The purpose of an APR is to express the full cost of a loan on an annual basis, so that the costs of loans of different amounts, different lengths, and different mixtures of interest and fees can be compared to each other.10 The APR is especially important for revealing the full cost of a loan that charges fees in addition to a periodic interest rate. For example, Arizona allows 36% interest on a $500 six-month loan, but also allows an origination fee of 5% of the principal. Taking both the interest and this origination fee into account, the APR is 54%. If only the interest were allowed, the APR would be 36%.

A number of states have more than one statute under which our two sample loans can be made. If a state has several statutes, or its statute allows several different rates, we have used the highest rate allowed.

In many states, the allowed rates produce a higher APR for the $500 loan than for the $2000 loan. This occurs for two reasons. First, some states impose lower rate caps on larger loans. Second, in states where lenders are permitted to charge a fixed fee on top of the interest rate, that fee will have a greater impact on a smaller loan than a larger one. For example, an additional $50 charged on a $500 loan will have more of an impact on the APR than the same $50 fee will have on a $2,000 loan.

Many state lending laws have ambiguities that affect the calculation of the APR. For example, a lending law may allow a lender to charge an origination fee without specifying whether it can also charge interest on that fee. In the absence of clear statutory language or regulatory guidance, in our calculations we treated origination fees as amounts that can be added to the principal and on which interest can be charged. For other ambiguities, we have used our best judgment to find an interpretation that seems consistent with the statutory language and the intent of the statute, subject to correction if we are able to get clarification from regulators. Policymakers should consider issuing regulations or other guidance to close loopholes created by these ambiguities that high-cost lenders could exploit.

A thorough discussion of credit math calculations under state lending laws may be found in National Consumer Law Center, Consumer Credit Regulation Ch. 5 (3d ed. 2020).

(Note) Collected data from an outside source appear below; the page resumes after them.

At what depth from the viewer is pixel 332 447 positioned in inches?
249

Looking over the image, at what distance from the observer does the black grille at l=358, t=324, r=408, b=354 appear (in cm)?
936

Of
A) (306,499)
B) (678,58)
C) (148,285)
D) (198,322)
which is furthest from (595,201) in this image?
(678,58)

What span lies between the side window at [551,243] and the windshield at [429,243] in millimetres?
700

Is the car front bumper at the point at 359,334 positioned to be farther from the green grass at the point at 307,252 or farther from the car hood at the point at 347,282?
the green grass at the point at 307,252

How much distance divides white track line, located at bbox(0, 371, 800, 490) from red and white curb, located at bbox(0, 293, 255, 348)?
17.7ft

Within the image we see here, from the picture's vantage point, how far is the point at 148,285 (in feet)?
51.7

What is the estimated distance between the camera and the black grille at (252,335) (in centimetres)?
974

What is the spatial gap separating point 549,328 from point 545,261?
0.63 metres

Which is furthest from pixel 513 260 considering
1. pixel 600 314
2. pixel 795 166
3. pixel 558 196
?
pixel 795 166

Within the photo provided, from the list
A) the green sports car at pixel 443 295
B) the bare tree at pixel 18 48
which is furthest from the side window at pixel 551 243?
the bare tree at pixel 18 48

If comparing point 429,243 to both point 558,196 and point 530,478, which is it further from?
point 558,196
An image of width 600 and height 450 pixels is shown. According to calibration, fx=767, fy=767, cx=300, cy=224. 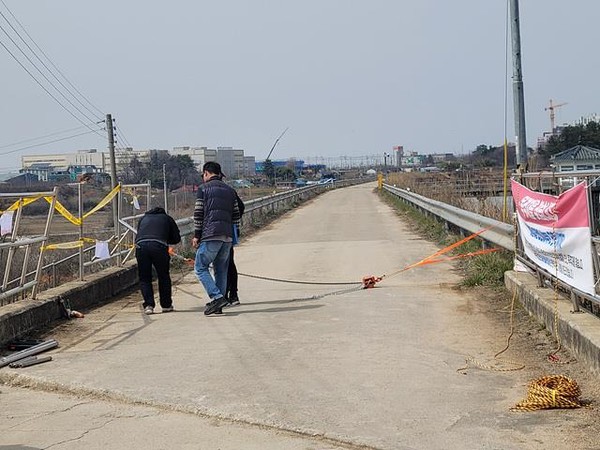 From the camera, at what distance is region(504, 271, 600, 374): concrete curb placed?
5.86m

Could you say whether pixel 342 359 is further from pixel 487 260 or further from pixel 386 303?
pixel 487 260

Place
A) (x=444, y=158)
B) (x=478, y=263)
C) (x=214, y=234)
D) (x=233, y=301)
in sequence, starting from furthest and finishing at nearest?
(x=444, y=158) → (x=478, y=263) → (x=233, y=301) → (x=214, y=234)

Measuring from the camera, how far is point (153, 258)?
9.59m

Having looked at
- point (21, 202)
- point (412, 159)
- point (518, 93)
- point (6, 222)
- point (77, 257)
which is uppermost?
point (412, 159)

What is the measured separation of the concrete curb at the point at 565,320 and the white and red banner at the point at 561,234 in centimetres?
26

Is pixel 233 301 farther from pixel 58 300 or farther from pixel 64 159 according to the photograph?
pixel 64 159

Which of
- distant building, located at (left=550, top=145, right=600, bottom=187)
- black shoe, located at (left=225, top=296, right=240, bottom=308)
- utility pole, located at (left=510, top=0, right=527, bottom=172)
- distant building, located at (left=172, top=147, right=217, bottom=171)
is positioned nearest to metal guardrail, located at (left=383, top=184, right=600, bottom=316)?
distant building, located at (left=550, top=145, right=600, bottom=187)

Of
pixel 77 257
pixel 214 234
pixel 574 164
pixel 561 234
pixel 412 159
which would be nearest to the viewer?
pixel 561 234

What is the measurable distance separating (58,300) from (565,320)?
572 centimetres

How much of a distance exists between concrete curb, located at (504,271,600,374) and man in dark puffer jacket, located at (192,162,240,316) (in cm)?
352

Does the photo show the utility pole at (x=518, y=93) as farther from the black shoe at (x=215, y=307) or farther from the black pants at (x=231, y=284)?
the black shoe at (x=215, y=307)

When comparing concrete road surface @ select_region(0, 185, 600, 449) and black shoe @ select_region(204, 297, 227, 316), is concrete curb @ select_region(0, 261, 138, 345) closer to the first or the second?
concrete road surface @ select_region(0, 185, 600, 449)

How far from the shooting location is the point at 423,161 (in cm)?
15475

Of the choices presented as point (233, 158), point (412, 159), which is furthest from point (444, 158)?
point (233, 158)
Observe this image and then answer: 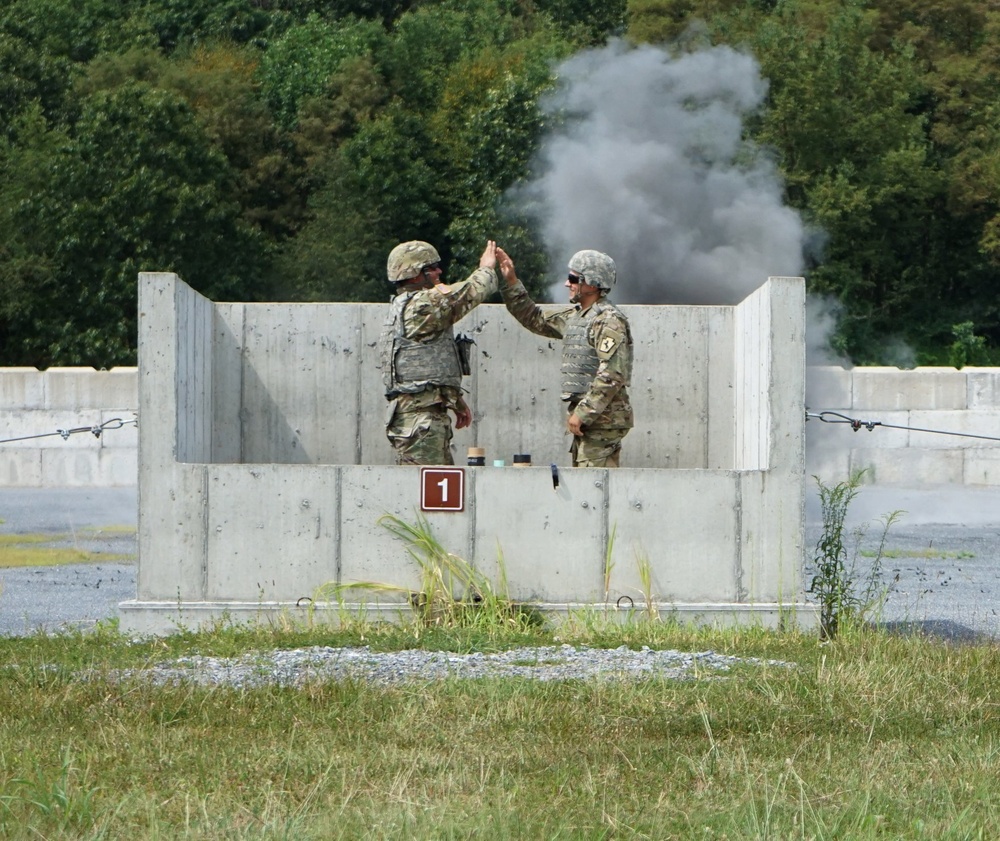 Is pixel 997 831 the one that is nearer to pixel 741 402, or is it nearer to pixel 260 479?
pixel 260 479

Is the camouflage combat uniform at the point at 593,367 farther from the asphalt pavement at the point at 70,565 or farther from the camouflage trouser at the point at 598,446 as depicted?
the asphalt pavement at the point at 70,565

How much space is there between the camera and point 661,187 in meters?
28.7

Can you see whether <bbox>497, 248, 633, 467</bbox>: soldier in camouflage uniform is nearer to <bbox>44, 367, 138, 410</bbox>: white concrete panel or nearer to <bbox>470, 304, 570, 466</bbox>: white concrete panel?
<bbox>470, 304, 570, 466</bbox>: white concrete panel

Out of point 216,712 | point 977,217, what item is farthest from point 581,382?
point 977,217

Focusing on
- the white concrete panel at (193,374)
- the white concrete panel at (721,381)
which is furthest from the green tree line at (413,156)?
the white concrete panel at (193,374)

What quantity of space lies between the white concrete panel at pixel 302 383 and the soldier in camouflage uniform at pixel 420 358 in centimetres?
116

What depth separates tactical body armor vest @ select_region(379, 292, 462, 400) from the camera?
8297 mm

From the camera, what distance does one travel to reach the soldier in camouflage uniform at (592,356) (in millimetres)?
8242

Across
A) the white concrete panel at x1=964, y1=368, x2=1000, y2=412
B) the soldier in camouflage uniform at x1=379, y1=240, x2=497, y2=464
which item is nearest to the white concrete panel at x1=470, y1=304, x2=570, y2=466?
the soldier in camouflage uniform at x1=379, y1=240, x2=497, y2=464

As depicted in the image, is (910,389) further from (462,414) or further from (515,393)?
(462,414)

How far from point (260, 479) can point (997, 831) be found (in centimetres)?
452

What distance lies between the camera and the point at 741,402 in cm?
903

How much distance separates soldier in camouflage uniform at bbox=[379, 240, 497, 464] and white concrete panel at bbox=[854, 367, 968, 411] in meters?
11.2

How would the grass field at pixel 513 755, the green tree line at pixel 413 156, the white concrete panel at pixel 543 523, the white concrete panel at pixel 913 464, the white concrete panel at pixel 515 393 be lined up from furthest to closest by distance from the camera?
the green tree line at pixel 413 156 < the white concrete panel at pixel 913 464 < the white concrete panel at pixel 515 393 < the white concrete panel at pixel 543 523 < the grass field at pixel 513 755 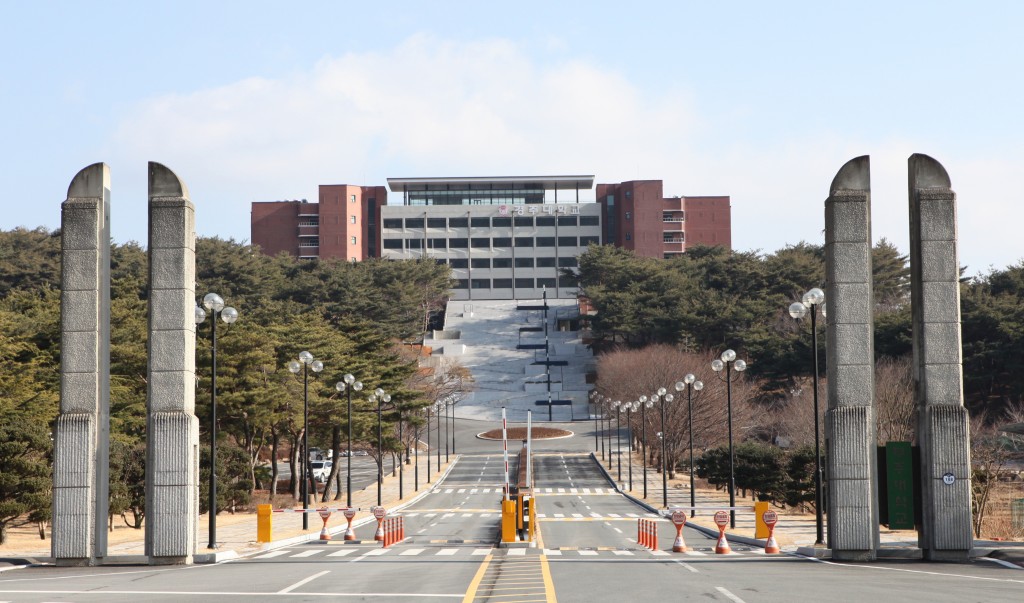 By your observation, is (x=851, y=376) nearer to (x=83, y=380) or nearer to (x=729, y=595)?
(x=729, y=595)

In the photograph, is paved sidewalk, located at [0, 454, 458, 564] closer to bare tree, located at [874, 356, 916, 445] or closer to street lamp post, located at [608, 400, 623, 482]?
street lamp post, located at [608, 400, 623, 482]

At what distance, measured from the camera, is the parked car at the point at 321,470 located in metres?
83.9

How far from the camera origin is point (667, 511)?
50469 millimetres

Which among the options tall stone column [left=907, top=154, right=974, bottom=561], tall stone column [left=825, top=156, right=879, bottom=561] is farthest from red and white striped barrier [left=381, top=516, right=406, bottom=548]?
tall stone column [left=907, top=154, right=974, bottom=561]

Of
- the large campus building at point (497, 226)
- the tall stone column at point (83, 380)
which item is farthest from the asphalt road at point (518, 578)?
the large campus building at point (497, 226)

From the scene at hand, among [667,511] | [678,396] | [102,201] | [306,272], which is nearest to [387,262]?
[306,272]

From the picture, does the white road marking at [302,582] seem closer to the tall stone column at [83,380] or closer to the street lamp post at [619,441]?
the tall stone column at [83,380]

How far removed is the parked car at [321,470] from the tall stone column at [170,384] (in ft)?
202

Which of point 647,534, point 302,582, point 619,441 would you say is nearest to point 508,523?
point 647,534

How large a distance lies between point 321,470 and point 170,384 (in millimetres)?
64016

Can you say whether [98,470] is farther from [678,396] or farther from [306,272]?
[306,272]

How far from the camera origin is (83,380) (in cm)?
2262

1 See National Consumer Law Center, Consumer Credit Regulation § 1.3.2 (3d ed. 2020) (“CONSUMER CREDIT REGULATION”) (tracing the origin of the general usury laws on the books in many states today to England’s laws before American independence).
2 National Consumer Law Center, After Payday Loans: Consumers Find Better Ways to Cope with Financial Challenges (Aug. 2021).
3 Id.
4 National Consumer Law Center, Misaligned Incentives: Why High-Rate Installment Lenders Want Borrowers Who Will Default (July 2016).
5 S. Ilan Guedj, Ph.D., Report Reviewing Research on Payday, Vehicle Title, and High-Cost Installment Loans 9 (May 14, 2019).
6 See, e.g., Brandon Coleman & Delvin Davis, Center for Responsible Lending, Perfect Storm: Payday Lenders Harm Florida Consumers Despite State Law at 7, Chart 2 (March 2016).
7 CFPB, Online Payday Loan Payments at 3-4, 22 (April 2016).
8 See See Lauren Saunders, National Consumer Law Center, Why Cap Interest Rates at 36%?, August 2021
9 Alaska Stat. § 06.20.230.
10 See 15 U.S.C. § 1601(a) (“It is the purpose of [the Truth in Lending Act, which requires disclosure of the APR] to assure a meaningful disclosure of credit terms so that the consumer will be able to compare more readily the various credit terms available to him”); National Consumer Law Center, Truth in Lending § 1.1.1 (10th ed. 2019) (purpose of TILA to provide uniformity and enable comparison of disclosures of cost of credit).